When Is a Weirdo Not a Weirdo?

I spent two days on a river with a bunch of weirdos.

They were part of a rafting trip my son and I went on. Six guys, around my age, all college buddies, celebrating a birthday. And they were weird.

I told my son how weird they were. He didn’t think so at all. He suggested maybe they hadn’t seen each other in a long time and they were feeling awkward. I thought, “Empathetic weirdo.”

That evening, the weirdos were sitting on the beach, the river roaring past. I had to stop because one of them asked about the insulin pump which hangs off my belt. Weirdo…asking about my insulin pump.
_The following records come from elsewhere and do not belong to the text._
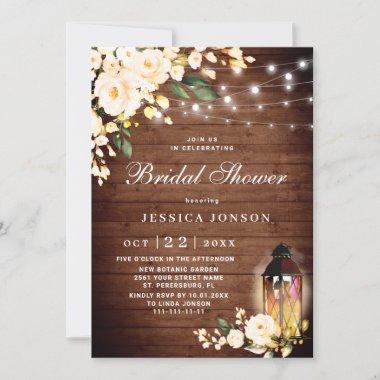 Wood Blush Roses Lantern Watercolor Bridal Shower Invitations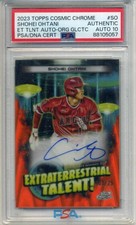 2023 Topps Cosmic Chrome Shohei Ohtani ET TLNT AUTO-ORG GLCTC PSA/DNA CERT 01/25
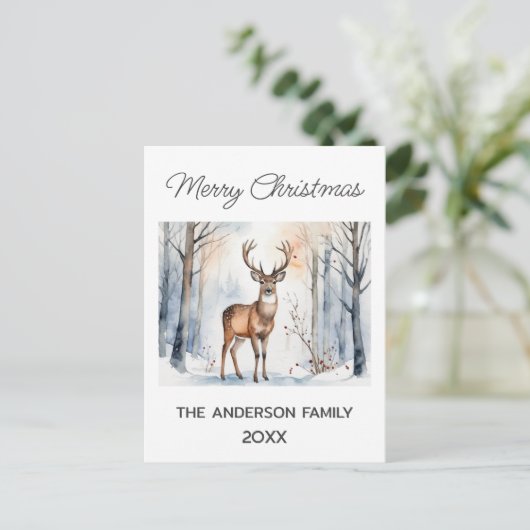 Herten in Snowy Forest Kerstbomen Waterverf Briefkaart (Staand voorkant)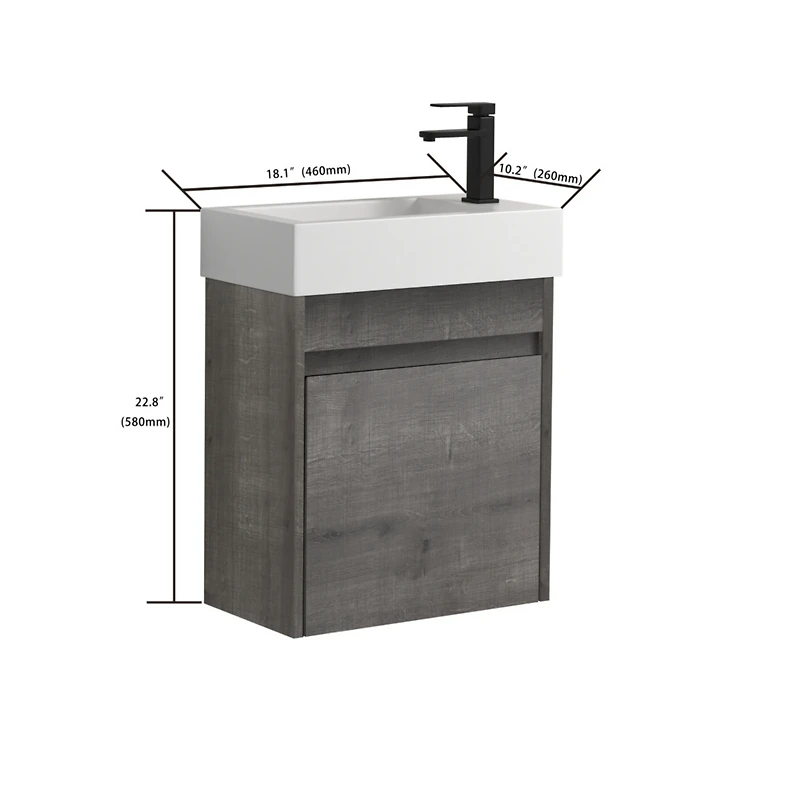 Simplie Fun 18" Floating Wall-Mounted Bathroom Vanity With Resin Sink & Soft-Close Cabinet Door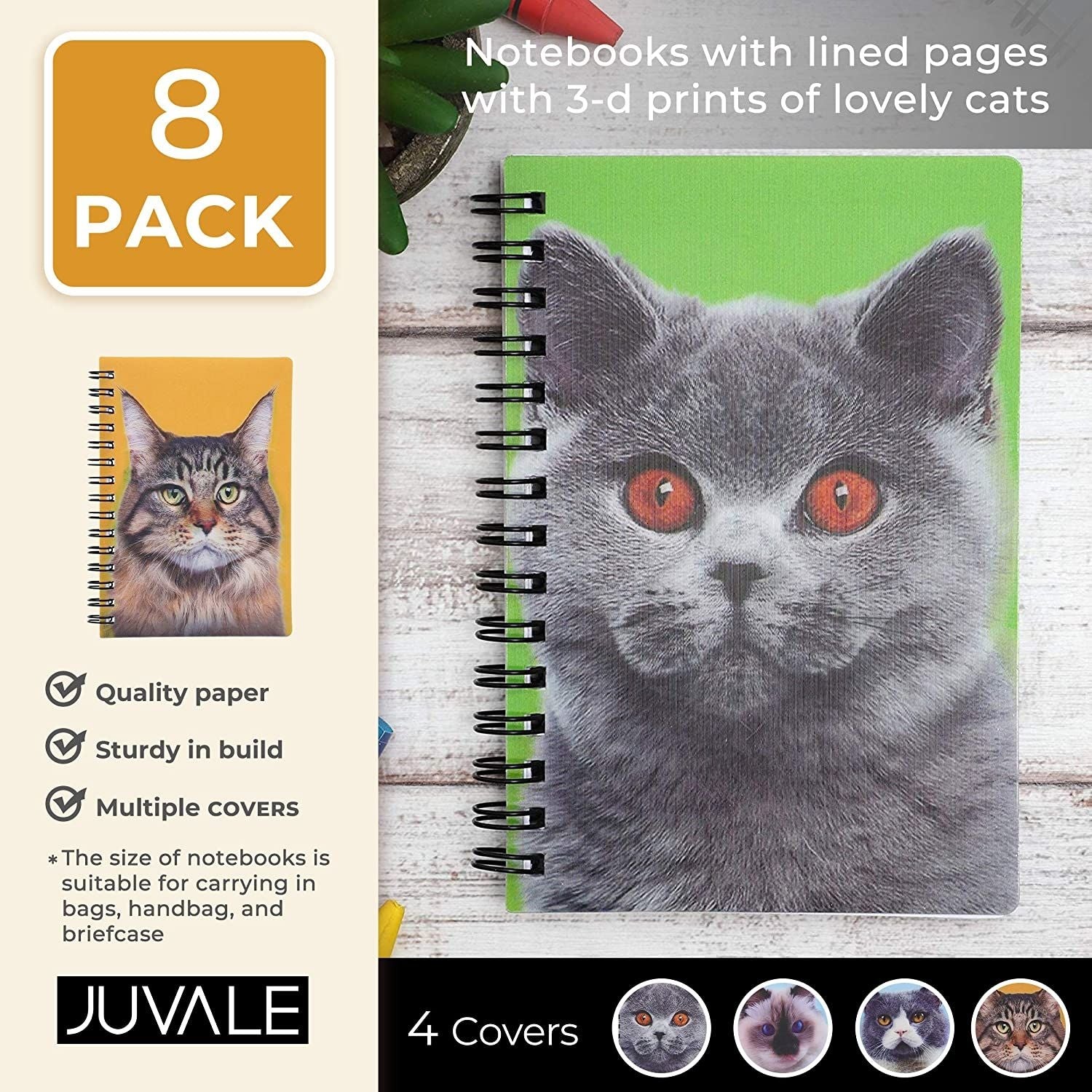 Cat Softcover Notebooks with 3D Effect (3.7 x 5.3 in, 8 Pack)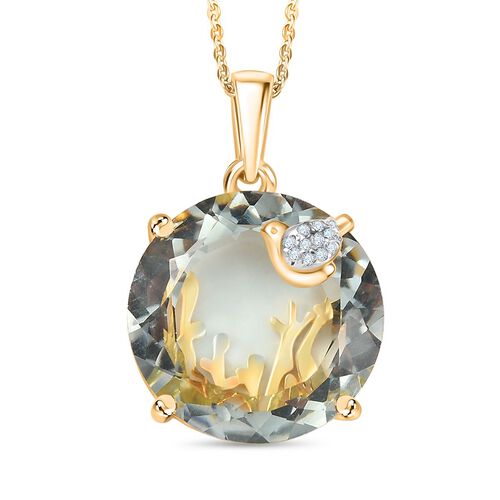 GP Trionfo Kollektion- AA Prasiolith, Zirkon und blauer Saphir Anhänger mit 50cm Kette- 20,20 ct. image number 0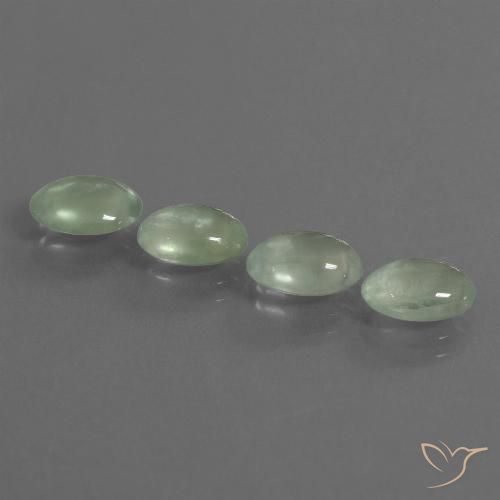 6.00ctw Natural Verde pera pálido Prehnite, Ovalada, Transparente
As they became curious about me, I became curious about them. And in that instant, they changed — right in front of my eyes. It was like CGI. One moment, they were buffoons. The next, they were humans and sad and funny and deep. Even their faces changed. My dream of them as weirdos was morphing in front of my eyes.

And they became immensely likable, not weird at all. One guy recited a limerick. One guy was really curious about type one diabetes. One wanted to dissect the meaning of comedy. One was a small town lawyer. One was passionate about his supplements. One mentioned he wasn’t on tenure track. One said nothing at all. And it didn’t seem weird, it seemed tender.

It turns out I had my “weird” goggles on. I was the one feeling awkward and out of place and self-conscious (didn’t even know it) and I projected that onto them.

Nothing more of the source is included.